Laboratory of Systems Pharmacology, HMS LINCS Center, Harvard Medical School, Boston, MA 02115, USA.
Department of Pharmacological Sciences, Drug Toxicity Signature Generation (DToxS) LINCS Center, Icahn School of Medicine at Mount Sinai, One Gustave L. Levy Place, Box 1603, New York, NY 10029, USA.
Cell Syst. 2019 Jul 24;9(1):35-48.e5. doi: 10.1016/j.cels.2019.06.005. Epub 2019 Jul 10.

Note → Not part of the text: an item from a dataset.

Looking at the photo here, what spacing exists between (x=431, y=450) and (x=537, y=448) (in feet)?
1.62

Evidence that some high-impact biomedical results cannot be repeated has stimulated interest in practices that generate findable, accessible, interoperable, and reusable (FAIR) data. Multiple papers have identified specific examples of irreproducibility, but practical ways to make data more reproducible have not been widely studied. Here, five research centers in the NIH LINCS Program Consortium investigate the reproducibility of a prototypical perturbational assay: quantifying the responsiveness of cultured cells to anti-cancer drugs. Such assays are important for drug development, studying cellular networks, and patient stratification. While many experimental and computational factors impact intra- and inter-center reproducibility, the factors most difficult to identify and control are those with a strong dependency on biological context. These factors often vary in magnitude with the drug being analyzed and with growth conditions. We provide ways to identify such context-sensitive factors, thereby improving both the theory and practice of reproducible cell-based assays.
有证据表明,一些高影响力的生物医学研究结果无法重复,这激发了人们对生成可查找、可访问、可互操作和可重复使用(FAIR)数据的实践的兴趣。多篇论文已经确定了不可重复性的具体例子,但广泛研究使数据更具可重复性的实用方法尚未得到广泛研究。在这里,NIH LINCS 计划联盟的五个研究中心研究了一种典型的扰动测定法的可重复性:定量测定培养细胞对抗癌药物的反应性。此类测定对于药物开发、研究细胞网络和患者分层非常重要。虽然许多实验和计算因素会影响中心内和中心间的可重复性,但最难识别和控制的因素是那些与生物学背景有很强依赖性的因素。这些因素通常随分析的药物和生长条件而变化。我们提供了识别此类上下文敏感因素的方法,从而提高了基于细胞的可重复测定的理论和实践。